(WHAT IS NEEDED)
Write the listing out again word for word, leaving each picture behind.

(INPUT DATA)
===

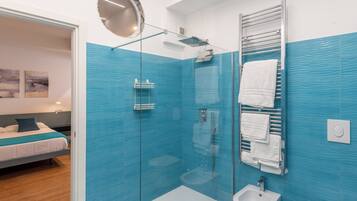A modern bathroom with blue tiles, a glass-enclosed shower, a bidet, and a towel rack.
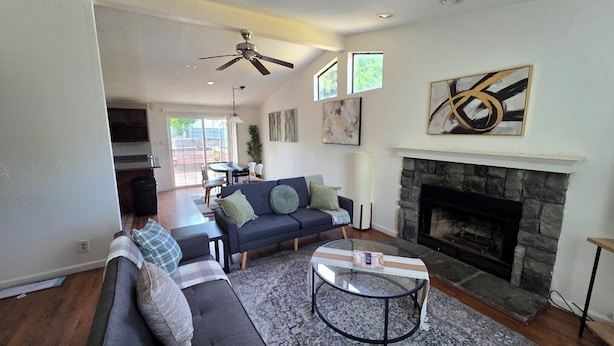 A living room with a sofa, a fireplace, a ceiling fan, and artwork on the walls. - Beautiful, spacious 3 bedroom Napa Adjacent hideaway. Pet and family friendly  (American Canyon)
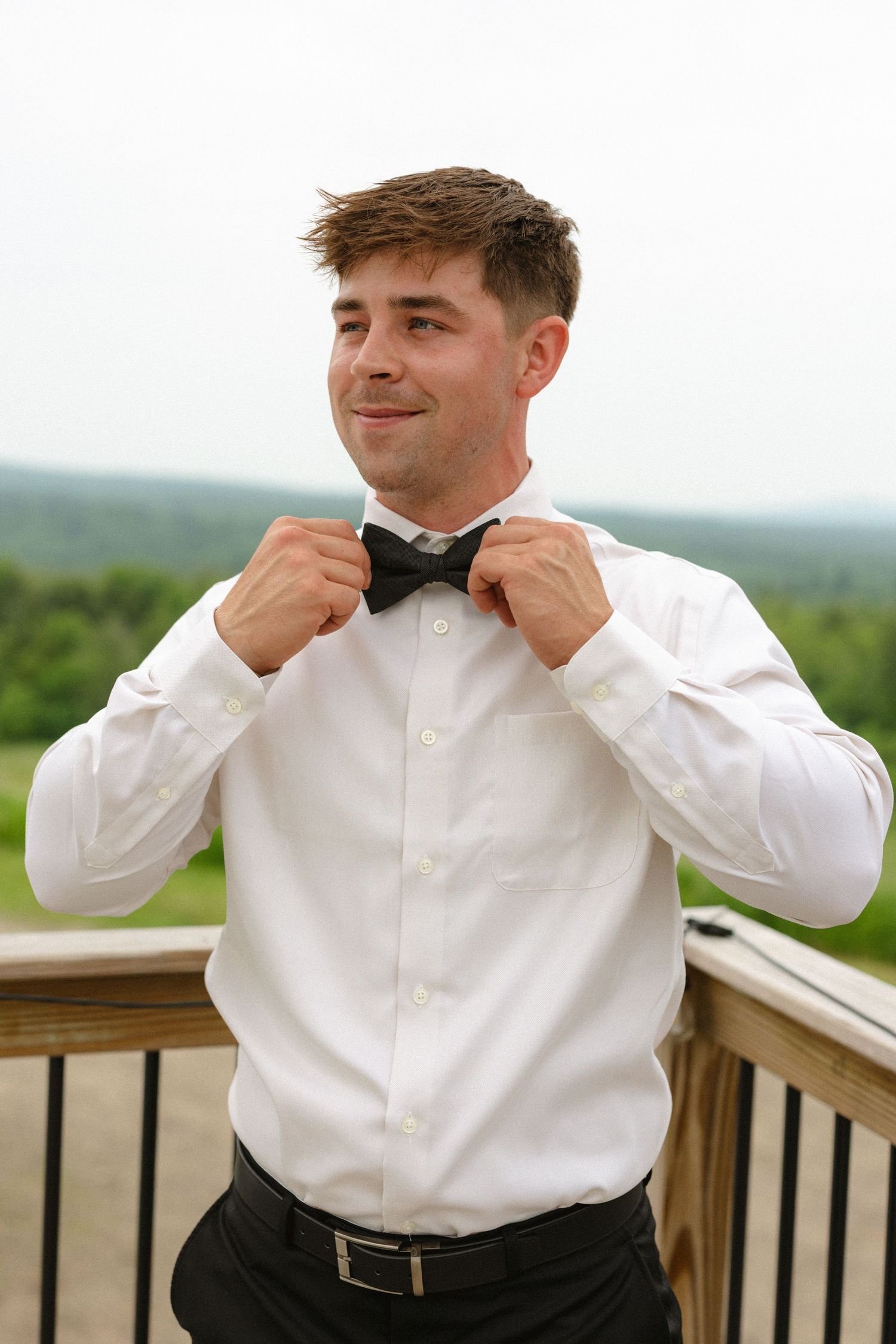 Groom in white dress shirt adjusting black bow tie on wooden deck with green hills in background.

===

(RESPONSE)
A modern bathroom with blue tiles, a glass-enclosed shower, a bidet, and a towel rack.
 A living room with a sofa, a fireplace, a ceiling fan, and artwork on the walls. - Beautiful, spacious 3 bedroom Napa Adjacent hideaway. Pet and family friendly  (American Canyon)
 Groom in white dress shirt adjusting black bow tie on wooden deck with green hills in background.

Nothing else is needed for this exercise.